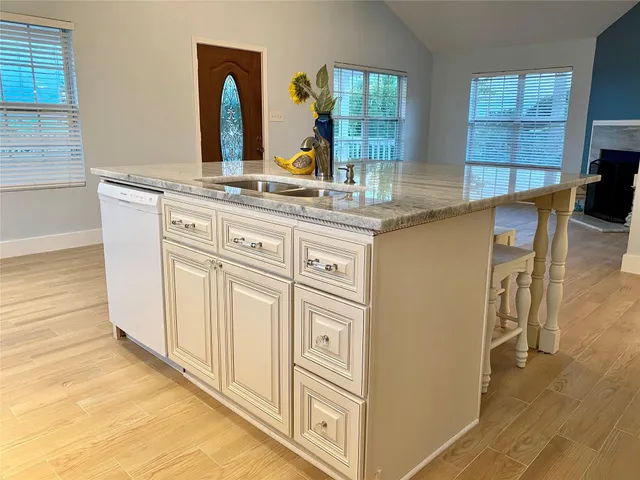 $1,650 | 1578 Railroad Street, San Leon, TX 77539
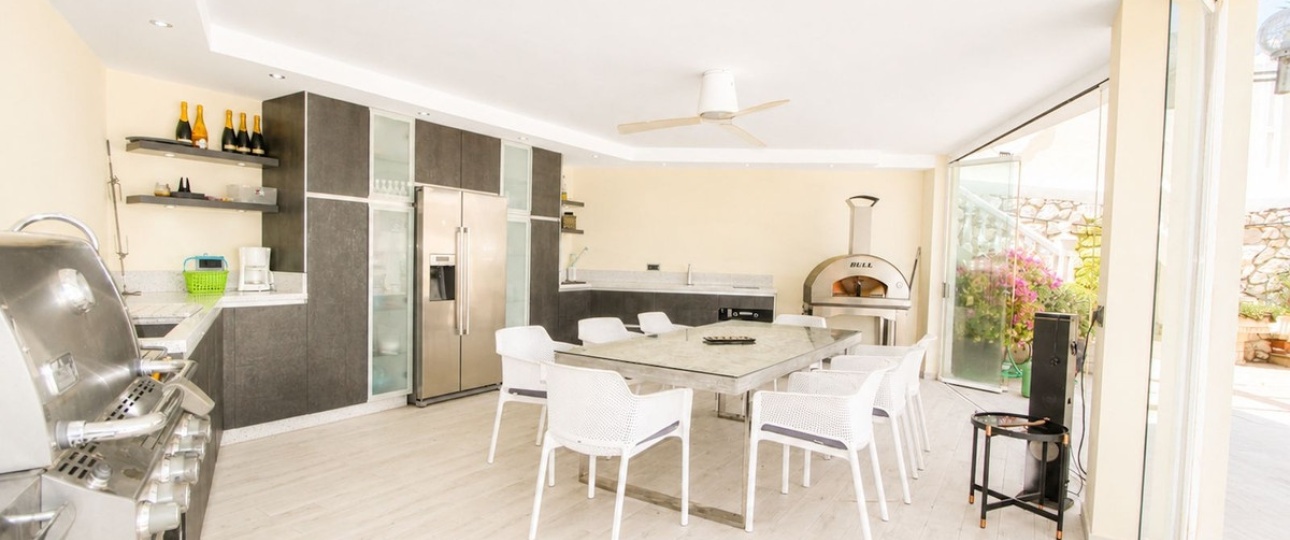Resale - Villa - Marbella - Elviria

--

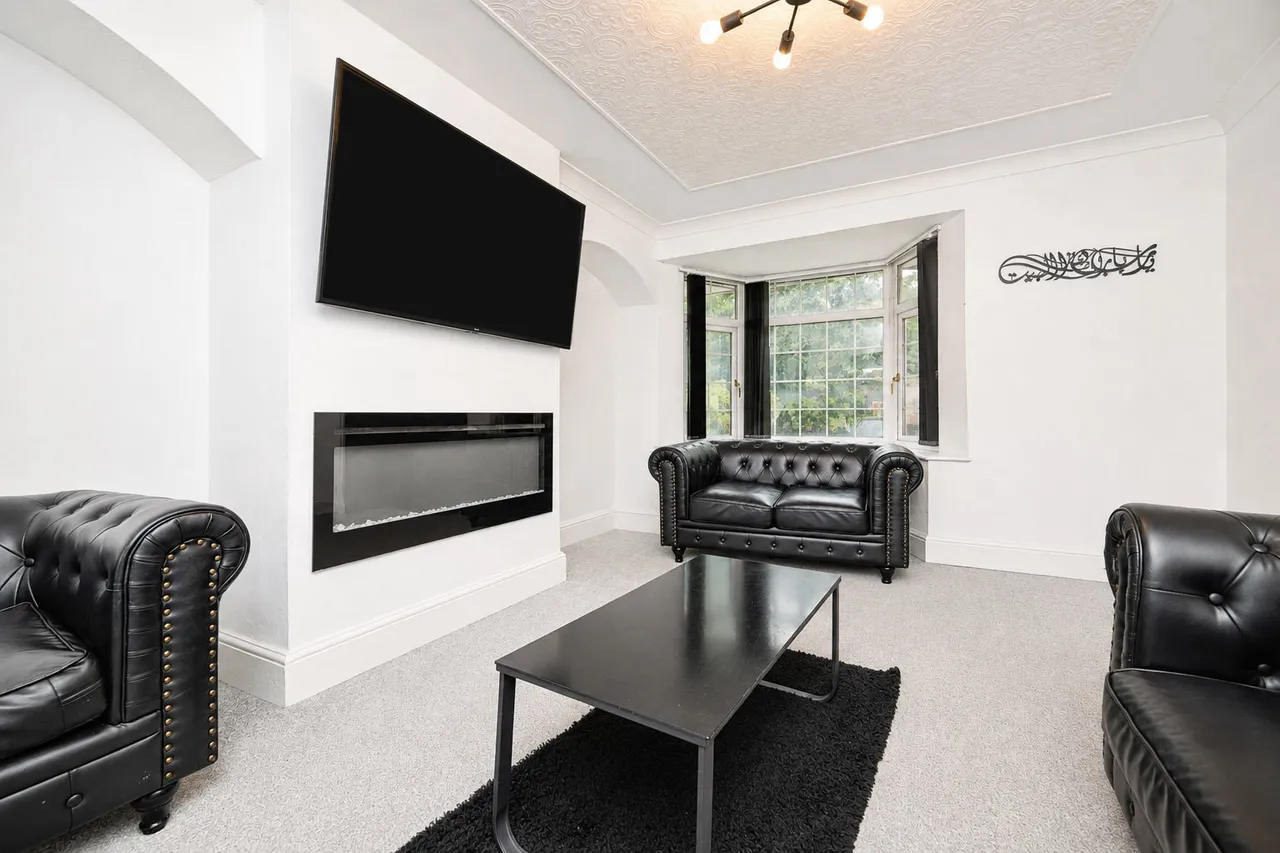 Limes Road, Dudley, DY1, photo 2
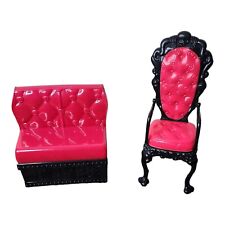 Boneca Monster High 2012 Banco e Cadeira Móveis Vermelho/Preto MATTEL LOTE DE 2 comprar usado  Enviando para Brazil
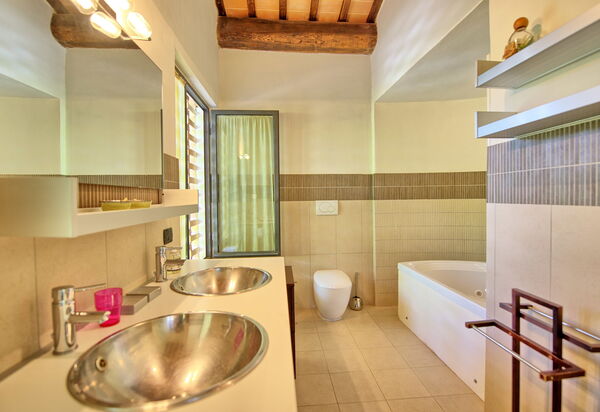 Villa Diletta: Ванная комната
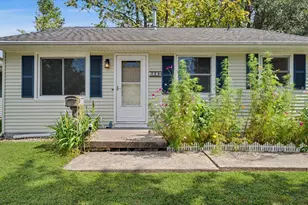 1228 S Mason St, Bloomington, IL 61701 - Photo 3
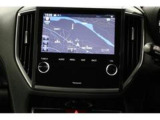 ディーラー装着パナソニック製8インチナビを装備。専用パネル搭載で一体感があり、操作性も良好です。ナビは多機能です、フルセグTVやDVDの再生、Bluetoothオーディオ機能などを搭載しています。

--

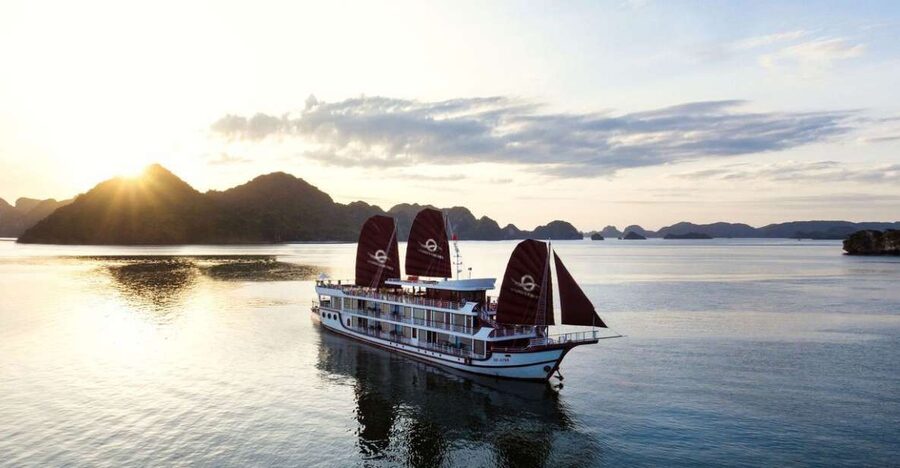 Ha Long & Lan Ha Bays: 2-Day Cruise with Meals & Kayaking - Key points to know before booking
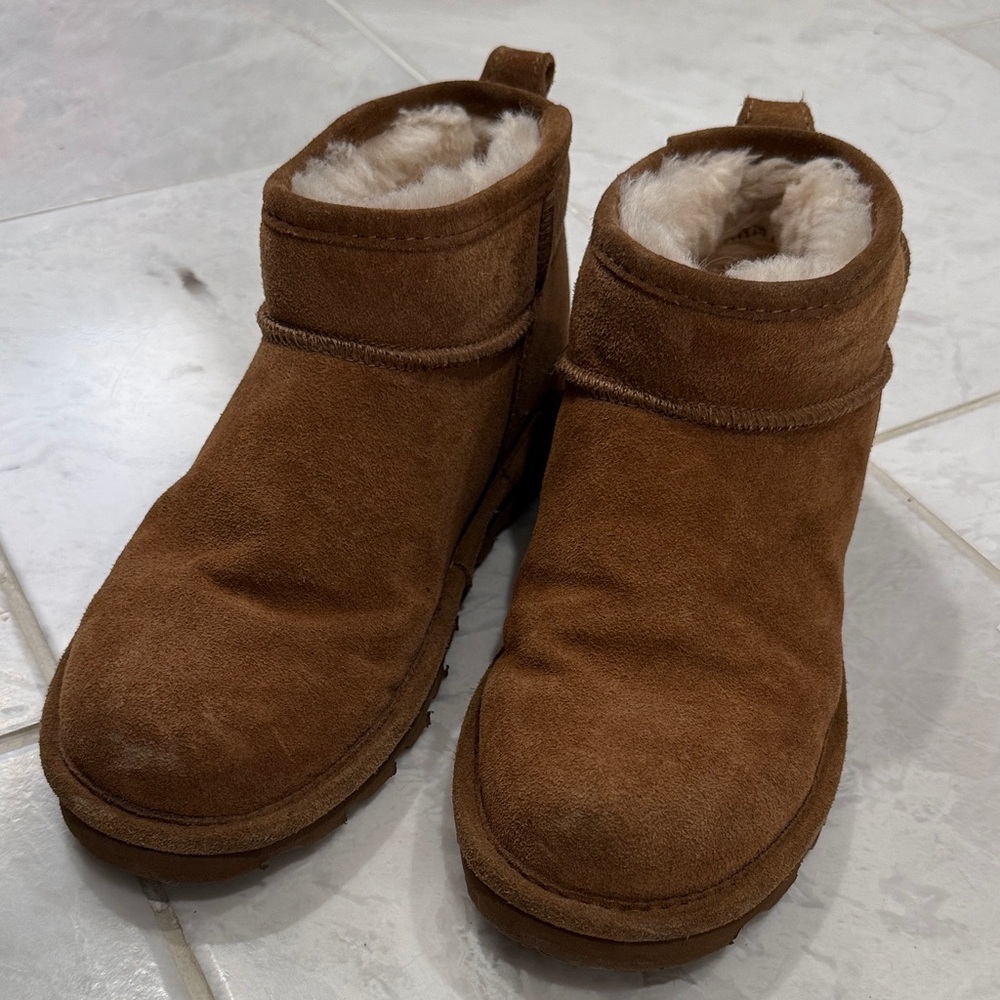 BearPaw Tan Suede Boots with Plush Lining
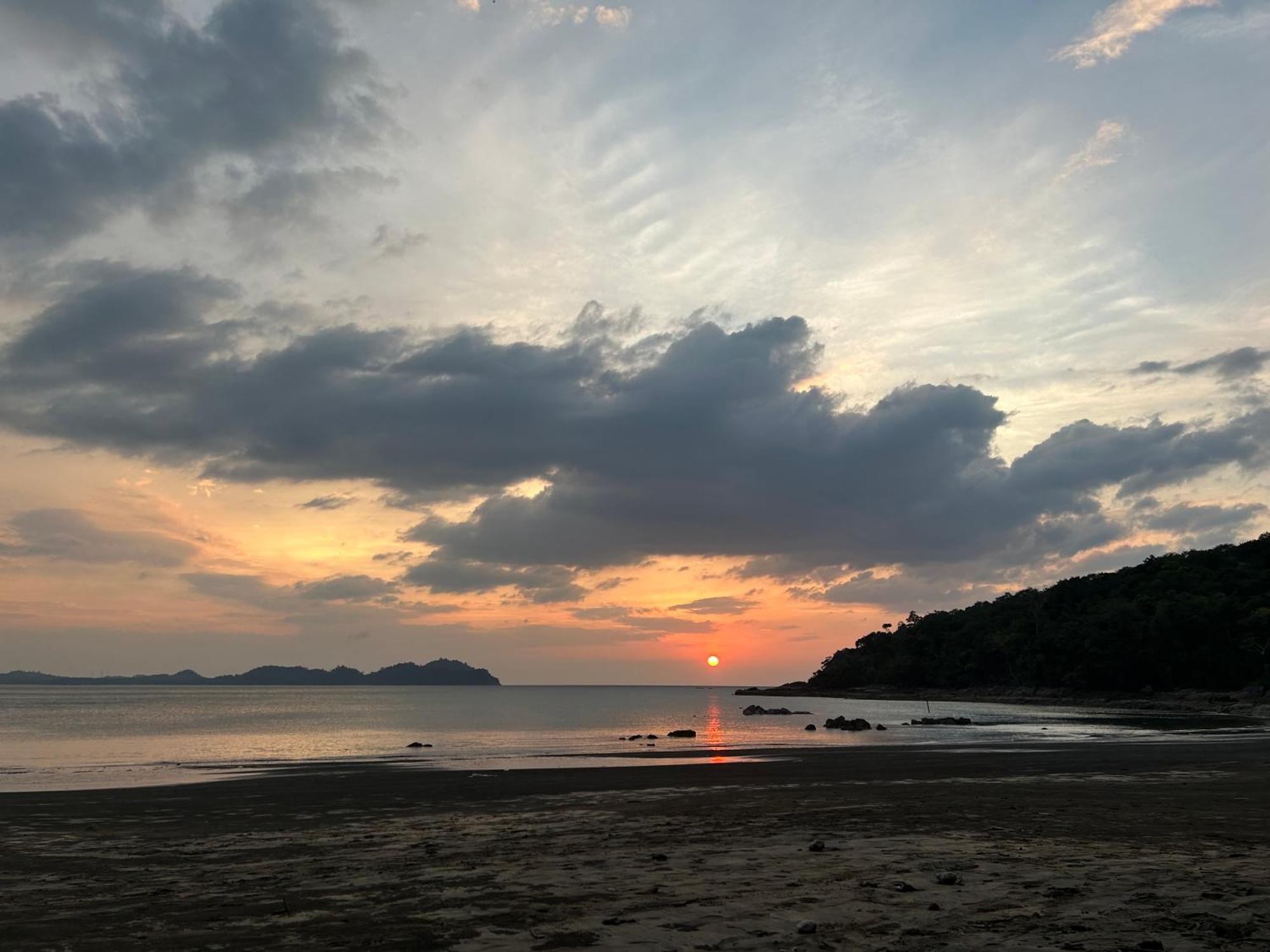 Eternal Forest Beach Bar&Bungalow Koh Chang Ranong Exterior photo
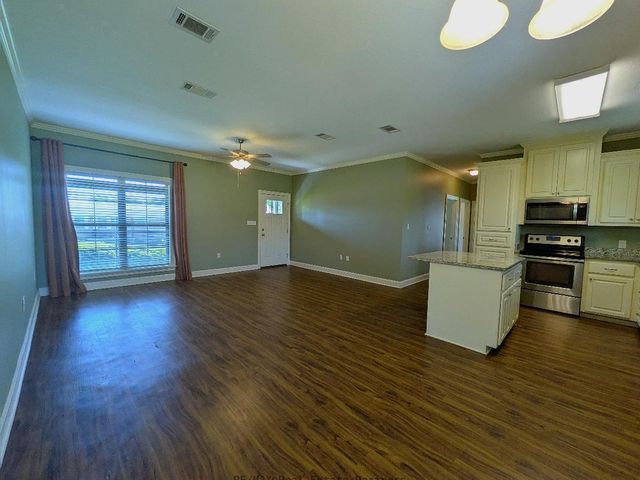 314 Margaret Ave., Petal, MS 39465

▶ [WHAT THE TASK ASKS]
Transcribe, exactly and without pictures, everything in the data from the line with "Ha Long & Lan" down to the line with "314 Margaret Ave., Petal, MS 39465", both included.

▶ [ANSWER BOX]
 Ha Long & Lan Ha Bays: 2-Day Cruise with Meals & Kayaking - Key points to know before booking
 BearPaw Tan Suede Boots with Plush Lining
 Eternal Forest Beach Bar&Bungalow Koh Chang Ranong Exterior photo
 314 Margaret Ave., Petal, MS 39465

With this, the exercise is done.